> [Your goal]:
Look through the records below for the line with "King Shakir Licensed Umbrella". Return that line and each one after it up to and including the line with "Infotainment Adalah: Fenomena", exactly.
***** Task inputs
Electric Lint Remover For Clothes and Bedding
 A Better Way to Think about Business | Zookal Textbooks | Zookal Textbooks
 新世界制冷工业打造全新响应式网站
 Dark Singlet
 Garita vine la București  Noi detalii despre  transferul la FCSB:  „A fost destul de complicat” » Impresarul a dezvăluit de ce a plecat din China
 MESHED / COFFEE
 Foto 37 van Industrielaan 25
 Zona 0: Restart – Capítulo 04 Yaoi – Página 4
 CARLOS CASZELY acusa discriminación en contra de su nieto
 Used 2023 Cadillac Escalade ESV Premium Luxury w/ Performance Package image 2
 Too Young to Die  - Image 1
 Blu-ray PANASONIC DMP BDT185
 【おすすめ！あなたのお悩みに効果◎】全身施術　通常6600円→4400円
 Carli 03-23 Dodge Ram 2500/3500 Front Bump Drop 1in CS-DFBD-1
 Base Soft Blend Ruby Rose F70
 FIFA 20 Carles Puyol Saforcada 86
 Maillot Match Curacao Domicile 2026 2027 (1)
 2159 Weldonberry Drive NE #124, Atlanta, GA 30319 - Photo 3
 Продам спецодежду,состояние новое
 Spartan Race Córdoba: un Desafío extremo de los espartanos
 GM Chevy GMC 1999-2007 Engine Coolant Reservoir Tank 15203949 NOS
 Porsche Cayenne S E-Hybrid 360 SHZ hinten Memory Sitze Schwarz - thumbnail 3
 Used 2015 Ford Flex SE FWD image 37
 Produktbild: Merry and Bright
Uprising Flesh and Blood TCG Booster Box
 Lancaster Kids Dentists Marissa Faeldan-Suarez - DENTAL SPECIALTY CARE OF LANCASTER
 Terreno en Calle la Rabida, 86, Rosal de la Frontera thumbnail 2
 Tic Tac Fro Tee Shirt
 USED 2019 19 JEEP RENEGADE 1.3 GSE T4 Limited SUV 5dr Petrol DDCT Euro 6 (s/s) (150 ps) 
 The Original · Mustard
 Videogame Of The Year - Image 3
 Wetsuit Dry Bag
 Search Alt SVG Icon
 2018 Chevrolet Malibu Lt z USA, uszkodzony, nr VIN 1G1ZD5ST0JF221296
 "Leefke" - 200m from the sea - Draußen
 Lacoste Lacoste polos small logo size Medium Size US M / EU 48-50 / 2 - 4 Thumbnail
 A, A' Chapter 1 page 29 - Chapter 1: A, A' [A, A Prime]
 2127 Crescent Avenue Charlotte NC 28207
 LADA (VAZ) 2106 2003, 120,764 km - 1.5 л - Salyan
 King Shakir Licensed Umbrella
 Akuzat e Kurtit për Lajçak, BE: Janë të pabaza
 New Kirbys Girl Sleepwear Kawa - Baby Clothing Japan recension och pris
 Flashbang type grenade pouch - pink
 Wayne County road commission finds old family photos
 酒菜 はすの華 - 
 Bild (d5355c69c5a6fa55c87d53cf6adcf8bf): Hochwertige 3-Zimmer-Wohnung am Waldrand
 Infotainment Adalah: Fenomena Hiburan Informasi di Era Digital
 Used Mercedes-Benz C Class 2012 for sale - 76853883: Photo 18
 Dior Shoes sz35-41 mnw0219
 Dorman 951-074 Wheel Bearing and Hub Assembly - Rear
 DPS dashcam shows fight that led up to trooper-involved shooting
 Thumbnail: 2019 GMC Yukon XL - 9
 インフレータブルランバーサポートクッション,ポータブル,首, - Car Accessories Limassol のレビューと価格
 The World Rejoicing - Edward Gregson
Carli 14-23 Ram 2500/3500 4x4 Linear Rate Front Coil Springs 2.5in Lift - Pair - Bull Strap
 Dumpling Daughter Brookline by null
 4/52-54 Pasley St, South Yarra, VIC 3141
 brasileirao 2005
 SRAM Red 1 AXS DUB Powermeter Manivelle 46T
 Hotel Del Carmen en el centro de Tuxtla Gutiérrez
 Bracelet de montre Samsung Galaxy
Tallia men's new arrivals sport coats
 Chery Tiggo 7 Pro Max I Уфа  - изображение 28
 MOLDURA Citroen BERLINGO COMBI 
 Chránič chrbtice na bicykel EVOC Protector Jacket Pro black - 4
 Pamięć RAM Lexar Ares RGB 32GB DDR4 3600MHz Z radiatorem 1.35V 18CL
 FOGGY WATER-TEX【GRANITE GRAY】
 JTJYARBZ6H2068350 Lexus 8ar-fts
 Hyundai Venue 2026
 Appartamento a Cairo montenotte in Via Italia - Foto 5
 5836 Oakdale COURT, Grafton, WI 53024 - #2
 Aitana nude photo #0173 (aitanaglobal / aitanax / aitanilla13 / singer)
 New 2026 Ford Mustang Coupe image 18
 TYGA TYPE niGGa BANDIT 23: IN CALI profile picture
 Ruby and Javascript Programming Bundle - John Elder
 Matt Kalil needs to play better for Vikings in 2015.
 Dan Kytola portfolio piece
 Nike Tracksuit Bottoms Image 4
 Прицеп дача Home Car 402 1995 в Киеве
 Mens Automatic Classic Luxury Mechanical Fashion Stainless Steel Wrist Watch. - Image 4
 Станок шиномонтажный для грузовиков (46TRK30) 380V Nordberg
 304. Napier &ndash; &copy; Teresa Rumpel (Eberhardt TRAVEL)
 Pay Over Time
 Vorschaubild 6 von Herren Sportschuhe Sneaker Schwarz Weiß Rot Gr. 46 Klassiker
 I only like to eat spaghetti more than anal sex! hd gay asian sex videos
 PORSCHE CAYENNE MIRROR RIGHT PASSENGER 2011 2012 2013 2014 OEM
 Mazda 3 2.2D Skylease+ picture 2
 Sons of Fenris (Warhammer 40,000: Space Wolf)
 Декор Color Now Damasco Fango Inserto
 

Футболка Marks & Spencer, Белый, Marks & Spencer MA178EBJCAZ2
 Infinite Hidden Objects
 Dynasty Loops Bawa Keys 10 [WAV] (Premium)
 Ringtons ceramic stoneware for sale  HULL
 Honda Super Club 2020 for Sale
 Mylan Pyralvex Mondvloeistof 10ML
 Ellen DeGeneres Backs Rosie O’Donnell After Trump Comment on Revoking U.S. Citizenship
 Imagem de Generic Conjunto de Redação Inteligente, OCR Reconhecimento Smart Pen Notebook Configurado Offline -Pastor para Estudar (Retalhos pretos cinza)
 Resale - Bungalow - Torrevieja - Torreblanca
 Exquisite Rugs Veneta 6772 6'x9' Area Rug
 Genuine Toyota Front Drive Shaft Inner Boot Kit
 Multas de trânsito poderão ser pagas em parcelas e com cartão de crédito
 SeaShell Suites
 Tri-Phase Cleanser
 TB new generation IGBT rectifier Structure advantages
**********
> [Written answer]:
 King Shakir Licensed Umbrella
 Akuzat e Kurtit për Lajçak, BE: Janë të pabaza
 New Kirbys Girl Sleepwear Kawa - Baby Clothing Japan recension och pris
 Flashbang type grenade pouch - pink
 Wayne County road commission finds old family photos
 酒菜 はすの華 - 
 Bild (d5355c69c5a6fa55c87d53cf6adcf8bf): Hochwertige 3-Zimmer-Wohnung am Waldrand
 Infotainment Adalah: Fenomena Hiburan Informasi di Era Digital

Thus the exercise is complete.